Aku memiliki nama Petruk bukan dari orang tuaku. Memangnya apa yang kalian harapkan dari nenek yang akan menjadikan cucunya sebagai tumbal?? Haha
Aku masih ingat betul kala itu. Awal aku punya nama. Loh jadi sebelumnya aku dipanggil apa? Heh! Ya itu aku, si tanpa nama. Jika ada seruan "heh!" Aku pasti menoleh.
Petruk. Nama yang sangat terkenal di masyarakat jawa. Tokoh pewayangan yang bertubuh tinggi dan kurus. Aku mendapat nama itu karena seorang mbak cantik dari kota. Ia dan teman2nya mengadakan sunatan massal. Mbak itu bingung kenapa aku dipanggil hanya dengan "heh" atau "tole" bagi yang masih punya nurani.
Mbak cantik itu bernama Niken, sosok yang akan aku tanam dalam hatiku. Meski awalnya jijik dengan penampakanku dan terkesan asal memberikan nama, tapi aku sangat berterima kasih. Meski sesaat setelah aku disunat, mbak Niken jadi tersenyum manis padaku. Aku tak tahu kenapa bisa berubah. Tapi memang ada sedikit kegaduhan saat aku disunat. Aku tak tahu karena aku takut dan menutup mata. Tapi telingaku mendengar suara-suara perempuan berbunyi "barang bagus, bibit bagus, kecepetan aku kesini".
Bagaimana? Belum kawan. Kenangan pahit tidak sesingkat itu.
Aku tak tau berapa umurku, tapi saat itu anak juragan yg sepertinya sebaya denganku setiap pagi pergi dengan berbaju putih merah. Aku? Tidak lah.. aku kerja membersihkan kebun, halaman dan kandang ternak. Tapi siang itu aku haus, juraganku ki Harja dan keluarganya mungkin lupa memberiku jatah makan dan minum hari itu jadi aku hanya minum dari air sumur serti perut yg kosong belum makan. Ambil sendiri? Tidak kawan, aku tak dijinkan masuk bahkan aku tak tahu isi rumah mereka seperti apa.
Saat tengah hari aku berinisiatif untuk mengambil kelapa muda untuk ganjal perutku. Lumayan kan?
Tapi sial atau beruntungnya, Ki Harja sedang dikebun tanpa sepengetahuanku yg sedang menuruni pohon kelapa sambil membawa kelapa muda karena kalau dijatuhkan pasti berbunyi dan bahkan mungkin pecah, aku tak mau itu terjadi.
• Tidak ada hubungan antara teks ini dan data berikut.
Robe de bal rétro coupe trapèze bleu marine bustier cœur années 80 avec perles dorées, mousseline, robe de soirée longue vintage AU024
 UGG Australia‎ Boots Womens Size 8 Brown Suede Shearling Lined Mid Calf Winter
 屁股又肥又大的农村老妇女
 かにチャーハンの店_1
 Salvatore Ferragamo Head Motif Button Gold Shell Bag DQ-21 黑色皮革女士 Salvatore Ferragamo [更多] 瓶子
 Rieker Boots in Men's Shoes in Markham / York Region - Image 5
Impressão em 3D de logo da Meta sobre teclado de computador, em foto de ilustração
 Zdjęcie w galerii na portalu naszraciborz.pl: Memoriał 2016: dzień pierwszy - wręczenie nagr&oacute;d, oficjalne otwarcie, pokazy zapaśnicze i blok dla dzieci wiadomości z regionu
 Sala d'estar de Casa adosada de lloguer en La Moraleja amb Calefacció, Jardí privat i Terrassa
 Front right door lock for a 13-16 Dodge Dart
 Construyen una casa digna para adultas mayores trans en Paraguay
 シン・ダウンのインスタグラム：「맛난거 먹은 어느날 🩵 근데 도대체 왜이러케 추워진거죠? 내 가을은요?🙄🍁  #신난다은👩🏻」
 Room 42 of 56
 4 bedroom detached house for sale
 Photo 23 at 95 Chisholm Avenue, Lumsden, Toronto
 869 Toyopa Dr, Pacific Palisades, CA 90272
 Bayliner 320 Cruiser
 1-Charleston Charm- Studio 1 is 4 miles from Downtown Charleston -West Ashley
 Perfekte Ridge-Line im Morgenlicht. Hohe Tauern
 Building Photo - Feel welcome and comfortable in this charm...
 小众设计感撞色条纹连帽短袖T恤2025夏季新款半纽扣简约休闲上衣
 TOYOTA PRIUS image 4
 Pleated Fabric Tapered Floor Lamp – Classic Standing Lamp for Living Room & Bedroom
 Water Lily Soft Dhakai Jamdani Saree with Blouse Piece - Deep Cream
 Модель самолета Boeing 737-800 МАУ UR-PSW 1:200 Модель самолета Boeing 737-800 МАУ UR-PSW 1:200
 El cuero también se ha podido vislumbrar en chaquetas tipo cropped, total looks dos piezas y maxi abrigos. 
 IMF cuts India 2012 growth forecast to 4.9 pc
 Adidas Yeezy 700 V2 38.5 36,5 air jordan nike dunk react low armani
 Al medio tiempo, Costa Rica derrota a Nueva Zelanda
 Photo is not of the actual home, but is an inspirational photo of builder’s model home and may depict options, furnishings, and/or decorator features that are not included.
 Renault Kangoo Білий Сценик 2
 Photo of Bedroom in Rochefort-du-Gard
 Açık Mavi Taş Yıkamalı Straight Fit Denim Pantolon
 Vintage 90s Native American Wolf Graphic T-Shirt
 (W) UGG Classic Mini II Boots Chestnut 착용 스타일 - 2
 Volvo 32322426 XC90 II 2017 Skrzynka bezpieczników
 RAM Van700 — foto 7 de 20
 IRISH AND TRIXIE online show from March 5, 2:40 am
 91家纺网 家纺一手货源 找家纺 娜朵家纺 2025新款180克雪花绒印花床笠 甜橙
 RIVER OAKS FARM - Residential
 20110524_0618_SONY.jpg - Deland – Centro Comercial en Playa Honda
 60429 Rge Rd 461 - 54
"Truk! Mau buat apa itu?" hardik Ki Harja. "Anu ndoro, saya belum makan" jawabku dengan penuh ketakutan. "Ya sudah kamu makan, habiskan dan jangan kamu ulangi. Kelapa itu buat dijual kalau sudah tua!" balas Ki Harja dengan nada tingginya. "Iya ndoro" aku masih takut. Aku pun memakannya selepas Ki Harja pergi, tak ku sisakan lah. Lapar Pak!!
Saat itu aku berpikir bahwa ternyata Ki Harja adalah orang mulia karena merelakan kelapa mudanya dimakan olehku. Tapi aku salah, saat jadwal panen kelapa berikutnya, aku diperintahkan untuk jadi pemanen. Aku, seorang anak yang masih sebaya dengan anaknya itu. Yang masih pakai baju putih merah setiap harinya. Sudah dia suruh jadi tukang panjang untuk panen kelapa. Tapi mau apa? Ya kerjakan lah daripada gak dapat jatah makan.
Hari hari ku lalui dengan bekerja keras demi meneruskan hidup. Kini aku sudah punya bulu di kemaluan!! kata bapak-bapak buruh yg biasa bertemu denganku saat kerja, itu merupakan tanda aku sudah dewasa. Aku bahagia sekali kala itu, aku bisa sampai diumur yg mereka katakan sudah dewasa.